In [3]:
source("setup.R")

------------

> ### Learning Objectives
>
> * Define the following terms as they relate to R: object, assign, call,
>   function, arguments, options.
> * Assign values to objects in R.
> * Learn how to _name_ objects
> * Use comments to inform script.
> * Solve simple arithmetic operations in R.
> * Call functions and use arguments to change their default options.
> * Inspect the content of vectors and manipulate their content.
> * Subset and extract values from vectors.
> * Analyze vectors with missing data.

------------

## Creating objects in R

You can get output from R simply by typing math in the console:
add two more math expression of your own. 

In [4]:
3 + 5
12 / 7

However, to do useful and interesting things, we need to assign _values_ to
_objects_. To create an object, we need to give it a name followed by the
assignment operator `<-`, and the value we want to give it:

* add your own variable called media_ml and assign it a value

In [10]:
FBS_ml <- 1000
FBS_ml

 `<-` is the assignment operator. It assigns values on the right to objects on
the left. So, after executing `x <- 3`, the value of `x` is `3`. The arrow can
be read as 3 **goes into** `x`.  

 In RStudio, typing <kbd>Alt</kbd> + <kbd>-</kbd> (push <kbd>Alt</kbd> at the
same time as the <kbd>-</kbd> key) will write ` <- ` in a single keystroke in a PC, while typing <kbd>Option</kbd> + <kbd>-</kbd> (push <kbd>Option</kbd> at the
same time as the <kbd>-</kbd> key) does the same in a Mac.

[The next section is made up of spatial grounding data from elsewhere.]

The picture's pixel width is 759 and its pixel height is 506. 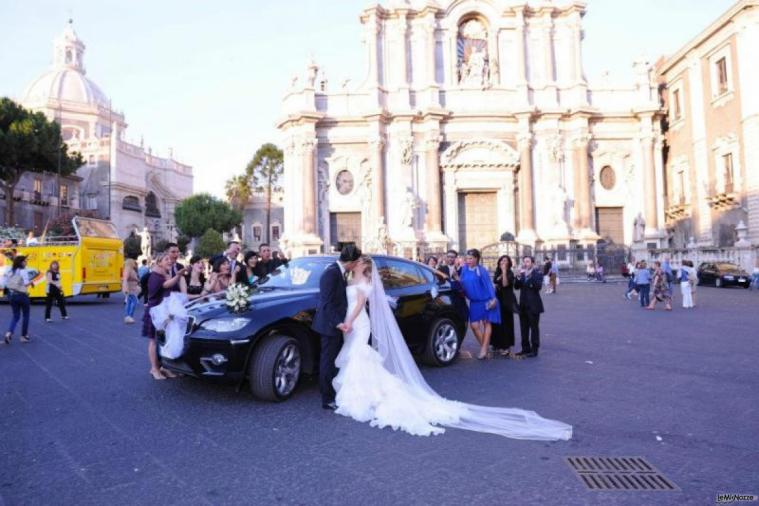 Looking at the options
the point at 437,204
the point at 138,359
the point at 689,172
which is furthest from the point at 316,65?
the point at 138,359

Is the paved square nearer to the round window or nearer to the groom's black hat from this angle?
the groom's black hat

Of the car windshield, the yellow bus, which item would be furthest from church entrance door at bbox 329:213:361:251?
the car windshield

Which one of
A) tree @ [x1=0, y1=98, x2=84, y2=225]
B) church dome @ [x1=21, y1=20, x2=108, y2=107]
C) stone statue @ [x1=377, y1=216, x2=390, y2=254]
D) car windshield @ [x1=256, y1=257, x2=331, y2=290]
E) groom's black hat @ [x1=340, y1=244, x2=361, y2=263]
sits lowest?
car windshield @ [x1=256, y1=257, x2=331, y2=290]

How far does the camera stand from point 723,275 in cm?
2244

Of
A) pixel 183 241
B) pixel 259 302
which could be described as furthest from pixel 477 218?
pixel 183 241

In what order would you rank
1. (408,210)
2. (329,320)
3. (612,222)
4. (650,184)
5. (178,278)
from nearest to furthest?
(329,320)
(178,278)
(408,210)
(650,184)
(612,222)

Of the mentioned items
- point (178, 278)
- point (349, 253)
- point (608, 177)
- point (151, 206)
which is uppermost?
point (151, 206)

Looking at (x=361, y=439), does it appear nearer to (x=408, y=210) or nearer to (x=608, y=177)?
(x=408, y=210)

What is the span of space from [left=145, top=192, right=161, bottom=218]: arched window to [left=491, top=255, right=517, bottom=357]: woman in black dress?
56.6 meters

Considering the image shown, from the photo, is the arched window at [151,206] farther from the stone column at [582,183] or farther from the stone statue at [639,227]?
the stone statue at [639,227]

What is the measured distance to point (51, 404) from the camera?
5332 mm

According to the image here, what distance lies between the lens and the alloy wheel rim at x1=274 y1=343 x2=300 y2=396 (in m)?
5.40

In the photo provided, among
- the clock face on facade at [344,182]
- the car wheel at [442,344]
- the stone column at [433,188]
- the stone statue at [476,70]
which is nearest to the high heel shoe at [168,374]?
the car wheel at [442,344]

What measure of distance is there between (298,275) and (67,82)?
226 ft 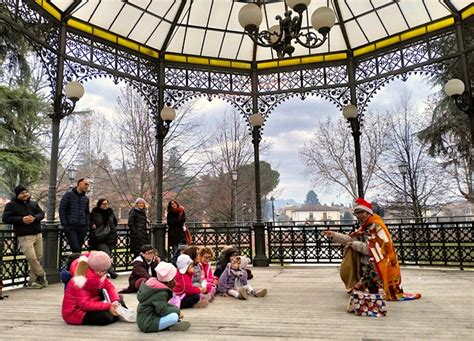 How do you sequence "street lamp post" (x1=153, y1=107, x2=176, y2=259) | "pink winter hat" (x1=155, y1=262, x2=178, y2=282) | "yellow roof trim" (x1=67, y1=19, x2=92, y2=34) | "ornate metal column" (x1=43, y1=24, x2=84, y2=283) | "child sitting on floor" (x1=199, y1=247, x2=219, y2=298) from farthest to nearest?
"street lamp post" (x1=153, y1=107, x2=176, y2=259) < "yellow roof trim" (x1=67, y1=19, x2=92, y2=34) < "ornate metal column" (x1=43, y1=24, x2=84, y2=283) < "child sitting on floor" (x1=199, y1=247, x2=219, y2=298) < "pink winter hat" (x1=155, y1=262, x2=178, y2=282)

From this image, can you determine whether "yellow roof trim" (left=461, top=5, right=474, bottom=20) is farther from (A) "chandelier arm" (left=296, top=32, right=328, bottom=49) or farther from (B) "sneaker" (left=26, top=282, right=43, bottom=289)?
(B) "sneaker" (left=26, top=282, right=43, bottom=289)

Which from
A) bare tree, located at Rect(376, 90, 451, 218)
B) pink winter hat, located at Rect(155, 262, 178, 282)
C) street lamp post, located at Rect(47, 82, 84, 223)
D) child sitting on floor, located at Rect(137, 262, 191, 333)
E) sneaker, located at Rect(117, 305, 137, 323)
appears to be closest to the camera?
child sitting on floor, located at Rect(137, 262, 191, 333)

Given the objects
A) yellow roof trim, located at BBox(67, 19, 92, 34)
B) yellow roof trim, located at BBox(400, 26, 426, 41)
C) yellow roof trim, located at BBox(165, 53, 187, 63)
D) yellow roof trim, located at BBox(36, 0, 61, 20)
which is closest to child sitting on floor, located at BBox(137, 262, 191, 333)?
yellow roof trim, located at BBox(36, 0, 61, 20)

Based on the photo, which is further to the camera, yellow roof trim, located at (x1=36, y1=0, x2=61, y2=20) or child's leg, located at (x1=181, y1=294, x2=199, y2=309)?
yellow roof trim, located at (x1=36, y1=0, x2=61, y2=20)

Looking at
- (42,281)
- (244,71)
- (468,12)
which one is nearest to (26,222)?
(42,281)

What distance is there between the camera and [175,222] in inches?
272

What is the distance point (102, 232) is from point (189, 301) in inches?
107

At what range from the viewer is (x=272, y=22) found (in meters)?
8.29

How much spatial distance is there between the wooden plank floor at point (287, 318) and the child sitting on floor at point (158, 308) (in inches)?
3.0

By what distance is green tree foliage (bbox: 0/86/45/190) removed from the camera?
1134cm

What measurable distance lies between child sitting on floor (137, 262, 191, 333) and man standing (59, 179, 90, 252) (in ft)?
10.0

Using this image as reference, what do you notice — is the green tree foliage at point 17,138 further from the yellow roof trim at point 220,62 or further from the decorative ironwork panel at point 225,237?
the yellow roof trim at point 220,62

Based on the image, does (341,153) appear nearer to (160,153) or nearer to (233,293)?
(160,153)

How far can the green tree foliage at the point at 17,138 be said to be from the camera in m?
11.3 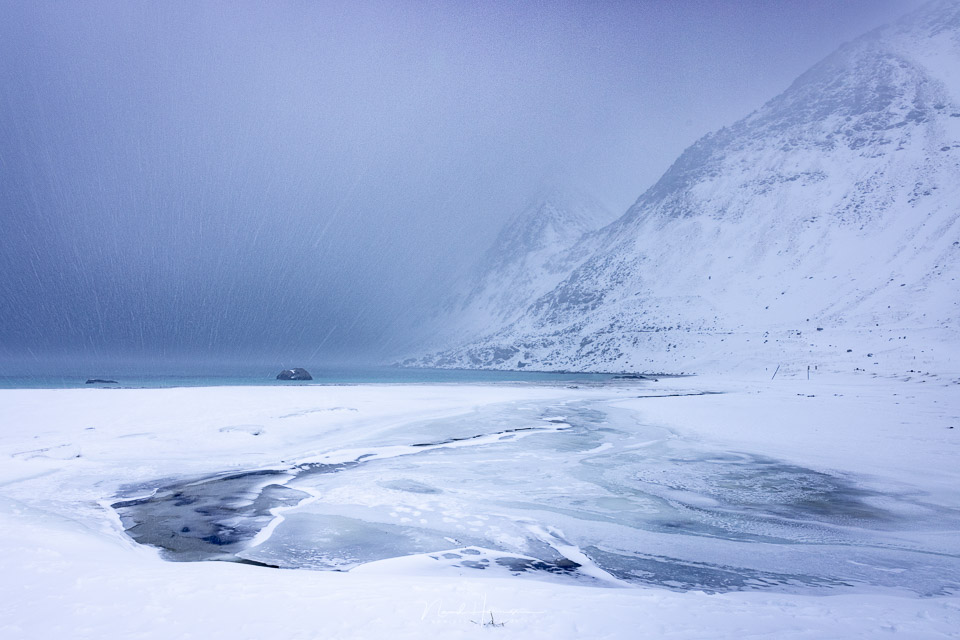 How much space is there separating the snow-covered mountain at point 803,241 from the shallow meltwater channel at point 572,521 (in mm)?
52590

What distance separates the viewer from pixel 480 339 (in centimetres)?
16725

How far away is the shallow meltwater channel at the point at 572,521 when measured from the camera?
675cm

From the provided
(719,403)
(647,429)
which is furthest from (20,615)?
(719,403)

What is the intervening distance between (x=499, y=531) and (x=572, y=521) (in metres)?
1.38

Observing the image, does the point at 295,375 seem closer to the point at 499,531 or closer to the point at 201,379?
the point at 201,379

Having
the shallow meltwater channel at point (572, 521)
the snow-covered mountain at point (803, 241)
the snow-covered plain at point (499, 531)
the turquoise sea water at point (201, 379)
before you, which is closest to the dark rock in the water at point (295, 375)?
the turquoise sea water at point (201, 379)

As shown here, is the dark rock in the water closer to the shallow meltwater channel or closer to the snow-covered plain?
the snow-covered plain

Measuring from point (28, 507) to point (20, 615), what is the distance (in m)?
5.87

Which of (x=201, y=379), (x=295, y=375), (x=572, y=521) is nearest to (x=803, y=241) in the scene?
(x=295, y=375)

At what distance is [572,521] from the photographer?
8922 mm

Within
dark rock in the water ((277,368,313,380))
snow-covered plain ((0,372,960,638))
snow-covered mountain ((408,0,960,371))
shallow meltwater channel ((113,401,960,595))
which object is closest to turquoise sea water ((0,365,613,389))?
dark rock in the water ((277,368,313,380))

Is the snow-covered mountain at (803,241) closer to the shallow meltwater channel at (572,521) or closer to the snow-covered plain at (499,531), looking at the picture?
the snow-covered plain at (499,531)

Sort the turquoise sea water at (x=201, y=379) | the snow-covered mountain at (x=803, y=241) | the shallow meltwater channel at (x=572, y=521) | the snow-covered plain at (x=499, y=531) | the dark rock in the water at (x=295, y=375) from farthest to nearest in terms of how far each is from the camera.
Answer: the dark rock in the water at (x=295, y=375), the snow-covered mountain at (x=803, y=241), the turquoise sea water at (x=201, y=379), the shallow meltwater channel at (x=572, y=521), the snow-covered plain at (x=499, y=531)

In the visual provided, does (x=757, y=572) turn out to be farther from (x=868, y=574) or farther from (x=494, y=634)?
(x=494, y=634) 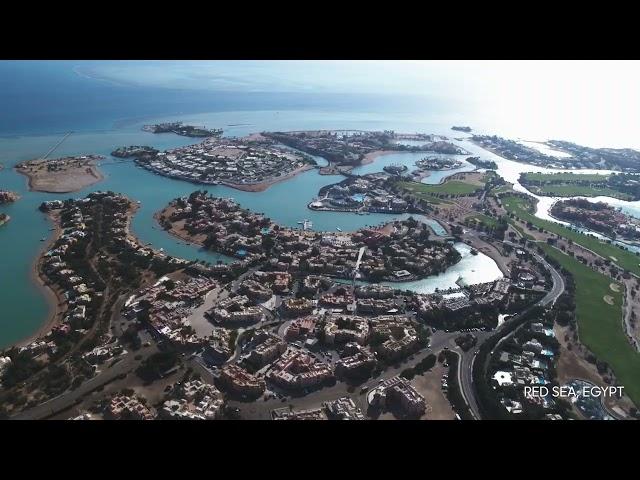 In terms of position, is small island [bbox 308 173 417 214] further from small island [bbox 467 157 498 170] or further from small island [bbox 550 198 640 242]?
Answer: small island [bbox 467 157 498 170]

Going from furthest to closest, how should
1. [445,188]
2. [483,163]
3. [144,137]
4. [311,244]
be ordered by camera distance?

 Objects can be given any name such as `x`, `current_temperature`, or
`subject_id`. You want your object names to be explicit and not too long. They
cannot start with a number (`2x` is not valid, but `x2` is). R is case sensitive
(e.g., `weight_kg` is different from `Weight_kg`). There are some names that
cannot be used because they are the names of fundamental functions in R (e.g.,
`if`, `else`, `for` etc.

There several styles of naming multiple word variables - 

* camelCase
* PascalCase
* snake_case

**pick one and be consistent**

It's important to be consistent in the styling of your
code (where you put spaces, how you name objects, etc.). Using a consistent
coding style makes your code clearer to read for your future self and your
collaborators. 

style guide [tidyverse's](http://style.tidyverse.org/). The tidyverse's is very
comprehensive and may seem overwhelming at first. You can install the
[**`lintr`**](https://github.com/jimhester/lintr) package to automatically check
for issues in the styling of your code.

> ### Objects vs. variables
>
> What are known as `objects` in `R` are known as `variables` in many other
> programming languages. Depending on the context, `object` and `variable` can
> have drastically different meanings. However, in this lesson, the two words
> are used synonymously. For more information see:
> https://cran.r-project.org/doc/manuals/r-release/R-lang.html#Objects


Now that R has `weight_kg` in memory, we can do arithmetic with it. For
instance, we may want to convert this weight into pounds (weight in pounds is 2.2 times the weight in kg):


In [12]:
.001 * FBS_ml

We can also change an objects value by assigning it a new one. 

In [15]:
FBS_ml <- 2000
.001 * FBS_ml

This means that assigning a value to one object does not change the values of
other objects  For example, let's store the animal's weight in pounds in a new
object, `weight_lb`:

In [19]:
FBS_L <- .001 * FBS_ml

FBS_L

and then change `FBS_ml` to 100.

In [7]:
FBS_ml <- 100

What do you think is the current content of the object `FBS_L`? 100 or 2?

once you make a guess, display the value below to check your answer.

### Comments

The comment character in R is `#`, anything to the right of a `#` in a script
will be ignored by R. It is essential to annotate your scripts, providing notes and explainations.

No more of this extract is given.